O Conselho Nacional de Justiça (CNJ) promove, entre os dias 24 e 25 de novembro, o Encontro Nacional de Execução Penal e o III Seminário da Justiça Criminal, a ser realizado em Vitória, no Espírito Santo. Os dois eventos, que ocorrerão em conjunto, reunirão corregedores e juízes que atuam na área Criminal e de Execução Penal. Terá como objetivo, discutir aspectos da Lei 12. 403/11 (que alterou o Código de Processo Penal – CPP) e do sistema penitenciário.

Tanto o Seminário como o Encontro Nacional contarão com a participação de renomados palestrantes, tidos como especialistas na área, como os professores Eugênio Pacelli, procurador regional da República e doutor em ciências penais, e Luis Flavio Gomes, jurista e cientista criminal, fundador da Rede de Ensino LFG e diretor-presidente do Instituto de Pesquisa e Cultura. Além disso, a programação prevê a realização de três oficinas temáticas: voltadas para penas privativas de liberdade, penas e medidas alternativas e novas cautelares penais. 

Propostas - Cada oficina apresentará cinco propostas ao Plenário para serem votadas.
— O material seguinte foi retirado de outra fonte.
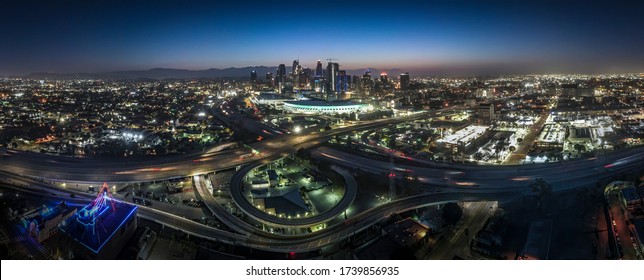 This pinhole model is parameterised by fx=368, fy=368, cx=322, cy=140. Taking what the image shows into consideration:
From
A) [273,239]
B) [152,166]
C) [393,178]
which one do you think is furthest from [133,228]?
[393,178]

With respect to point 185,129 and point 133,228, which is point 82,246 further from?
point 185,129

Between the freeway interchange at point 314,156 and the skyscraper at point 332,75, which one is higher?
the skyscraper at point 332,75

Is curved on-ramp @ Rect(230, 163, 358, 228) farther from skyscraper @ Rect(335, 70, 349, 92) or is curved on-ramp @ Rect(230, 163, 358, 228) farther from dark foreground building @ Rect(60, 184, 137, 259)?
skyscraper @ Rect(335, 70, 349, 92)

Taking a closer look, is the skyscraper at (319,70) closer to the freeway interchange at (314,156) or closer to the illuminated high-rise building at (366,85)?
the illuminated high-rise building at (366,85)

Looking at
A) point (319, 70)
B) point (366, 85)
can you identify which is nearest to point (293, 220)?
point (366, 85)

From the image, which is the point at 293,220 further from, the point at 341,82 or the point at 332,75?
the point at 341,82

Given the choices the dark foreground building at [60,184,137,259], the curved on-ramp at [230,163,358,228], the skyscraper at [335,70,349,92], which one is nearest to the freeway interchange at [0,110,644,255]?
the curved on-ramp at [230,163,358,228]

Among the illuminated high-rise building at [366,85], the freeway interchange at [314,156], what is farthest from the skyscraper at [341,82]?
the freeway interchange at [314,156]

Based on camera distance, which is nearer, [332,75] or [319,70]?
[332,75] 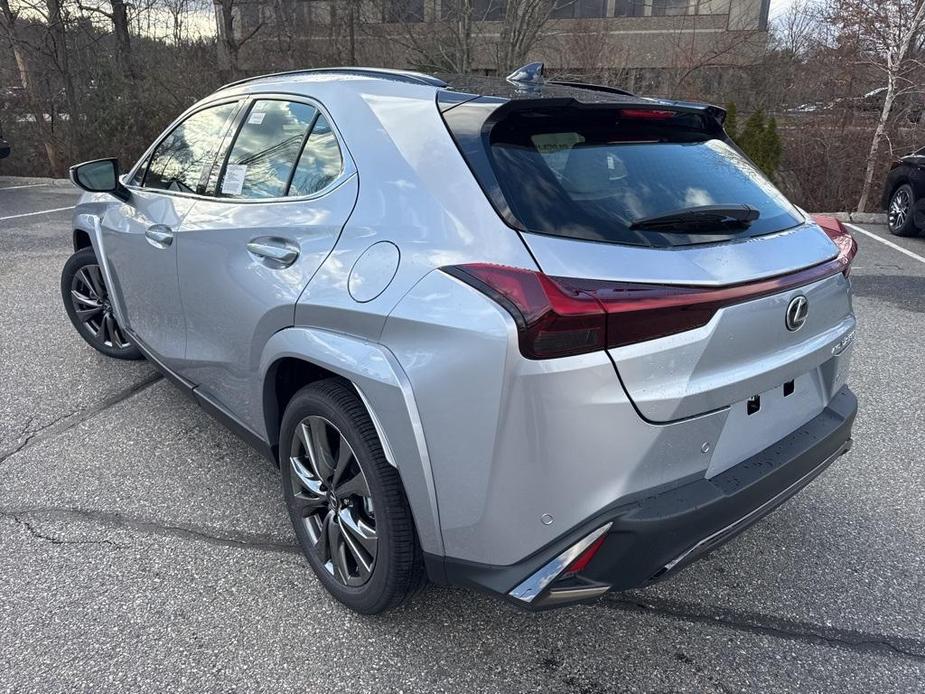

Os participantes devem optar pela participação em uma das oficinas no momento da inscrição - a ser realizada em breve pelo site do CNJ. Será realizada, ainda, ao longo do período de realização do Encontro e do Seminário, visita às instalações do Complexo Prisional de Vila Velha. 

A coordenação do Encontro Nacional de Execução Penal e do III Seminário da Justiça Criminal é do Departamento de Monitoramento e Fiscalização do Sistema Carcerário e do Sistema de Execução de Medidas Socioeducativas (DMF), vinculado ao CNJ – que, dentre várias experiências bem sucedidas, é responsável pela realização dos mutirões carcerários organizados pelo CNJ em parceria com os tribunais de Justiça e pelo programa Começar de Novo (este último, voltado para a reinserção de egressos do sistema prisional no mercado de trabalho).

Lei 12.403 - Na prática, a Lei nº 12.403/11, que alterou o CPP (sancionada recentemente), estabeleceu medidas cautelares alternativas à prisão preventiva, o que suscita o debate sobre aspectos diversos abordados com essa nova legislação.